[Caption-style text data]
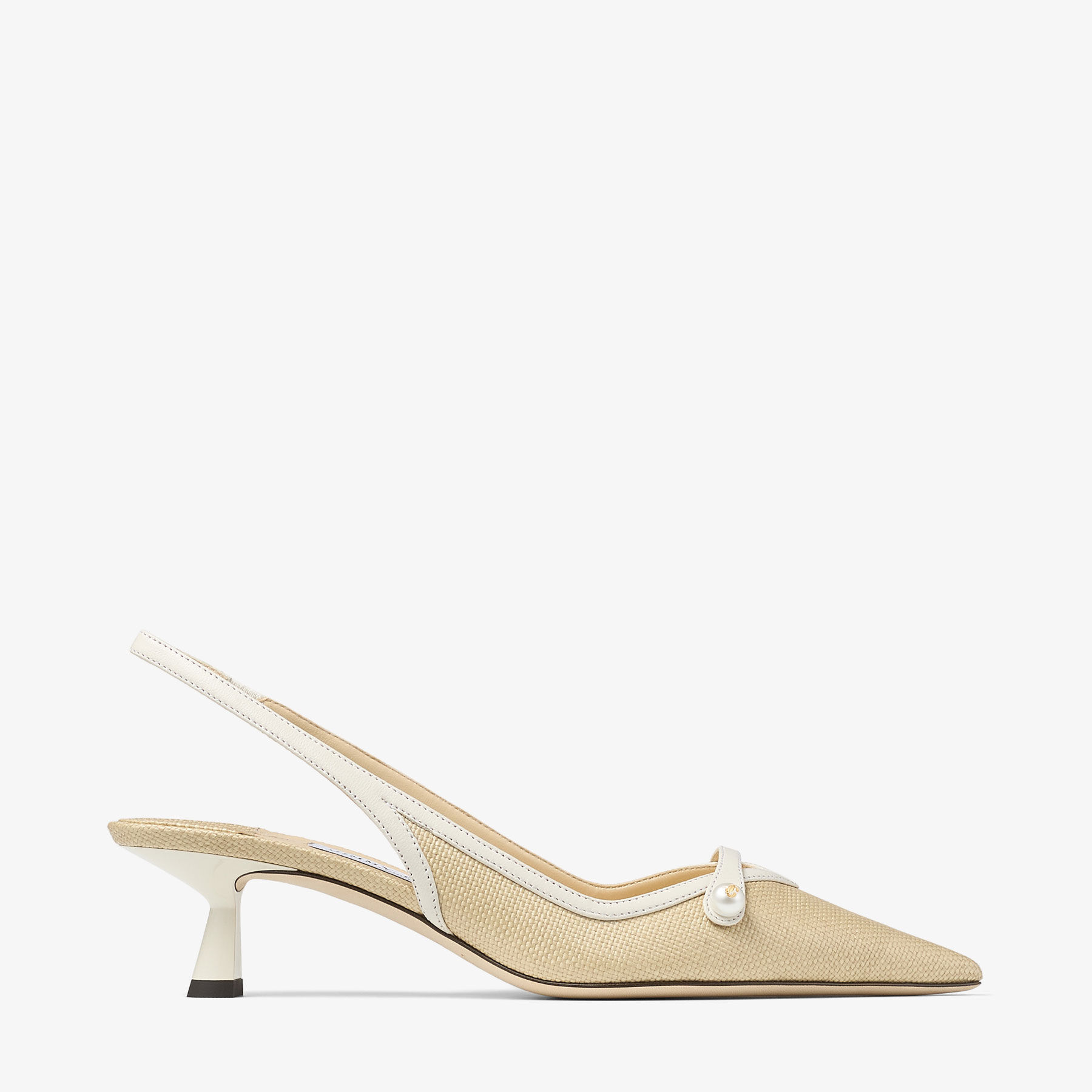 Amita 45|Natural/Latte Raffia and Leather Pumps| JIMMY CHOO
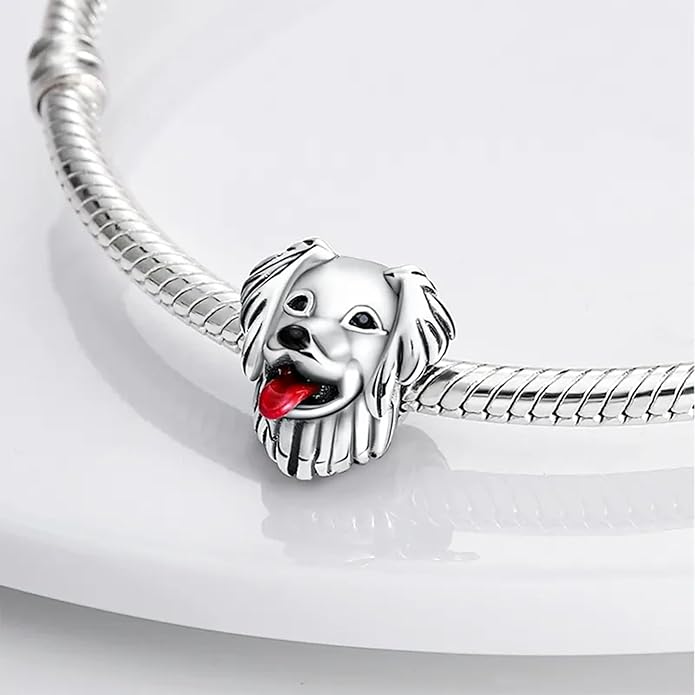 Pet Charm, Cute Dog Charm, Animal Dangle Charm, Sterling Silver Charm, Gift For Women, Friends, Wife, Mother, Christmas, and Halloween, Compatible With Pandora
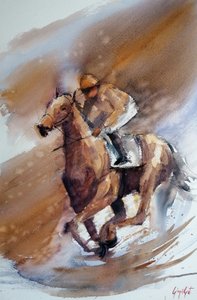 Paardenrace in aquarel door Giorgio Gosti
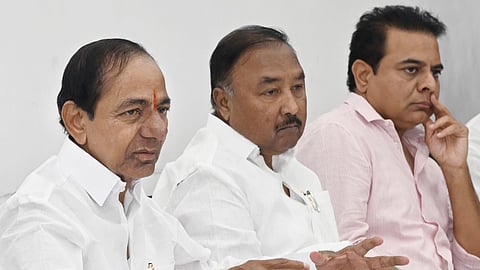 BRS party chief K Chandrashekar Rao speaks at a preparatory meeting held at his residence in Erravelli in connection with the partys silver jubilee celebrations.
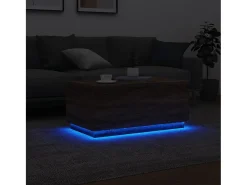 New vidaxl Mesa de centro com luzes LED 90x50x40 cm carvalho castanho Natural claro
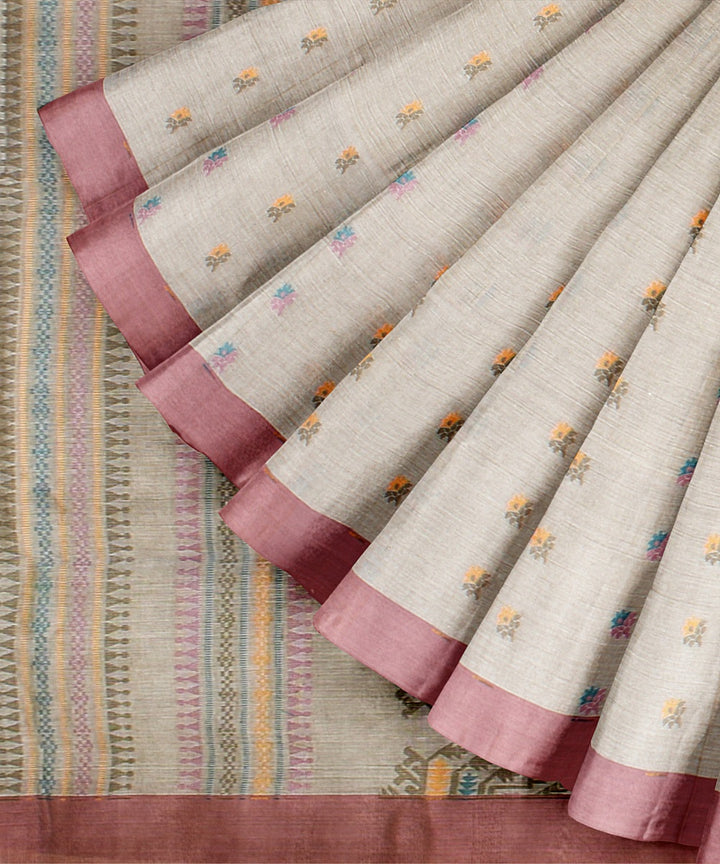 Beige lavander bengal cotton handloom saree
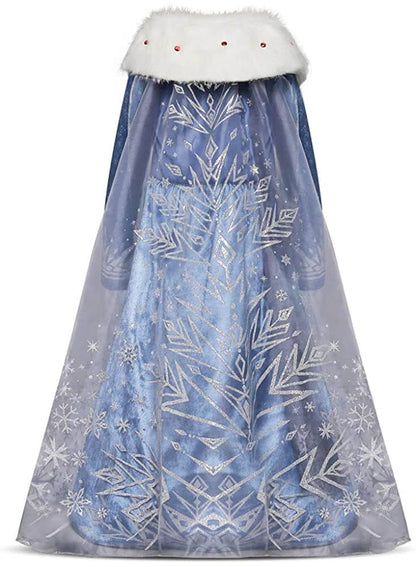 Snow Queen Elas Costume Princess Elsa Warm Dress For Winter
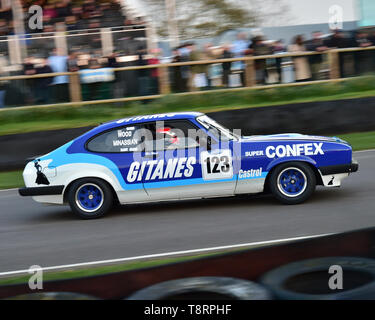 Ric Holz, Nicolas Minassian, Ford Capri III 3 Liter S, Gerry Marshall Trophäe, Gruppe 1 Limousine, 1970 bis 1982, 77 Mitglieder treffen, Goodwood, West Stockfoto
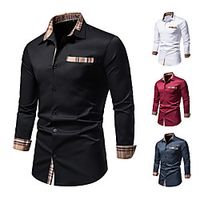 Men's Shirt non-printing Color Block Patchwork Long Sleeve Casual Tops Business Basic Wine White Black miniinthebox - thumbnail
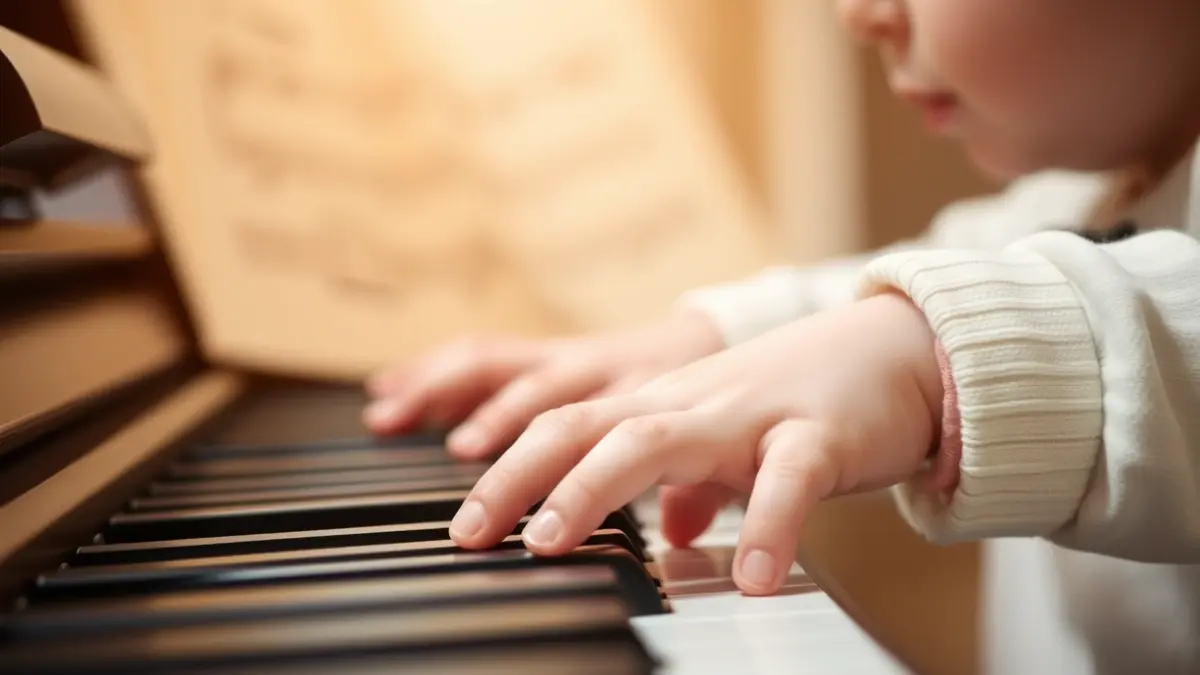 Generic image of a small child exploring a musical instrument.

### Exercise
Please copy out each line above exactly as written, but not the pictures.

### Expected output
 Amita 45|Natural/Latte Raffia and Leather Pumps| JIMMY CHOO
 Pet Charm, Cute Dog Charm, Animal Dangle Charm, Sterling Silver Charm, Gift For Women, Friends, Wife, Mother, Christmas, and Halloween, Compatible With Pandora
 Paardenrace in aquarel door Giorgio Gosti
 BRS party chief K Chandrashekar Rao speaks at a preparatory meeting held at his residence in Erravelli in connection with the partys silver jubilee celebrations.
 New vidaxl Mesa de centro com luzes LED 90x50x40 cm carvalho castanho Natural claro
 Beige lavander bengal cotton handloom saree
 Snow Queen Elas Costume Princess Elsa Warm Dress For Winter
 Ric Holz, Nicolas Minassian, Ford Capri III 3 Liter S, Gerry Marshall Trophäe, Gruppe 1 Limousine, 1970 bis 1982, 77 Mitglieder treffen, Goodwood, West Stockfoto
 Men's Shirt non-printing Color Block Patchwork Long Sleeve Casual Tops Business Basic Wine White Black miniinthebox - thumbnail
 Generic image of a small child exploring a musical instrument.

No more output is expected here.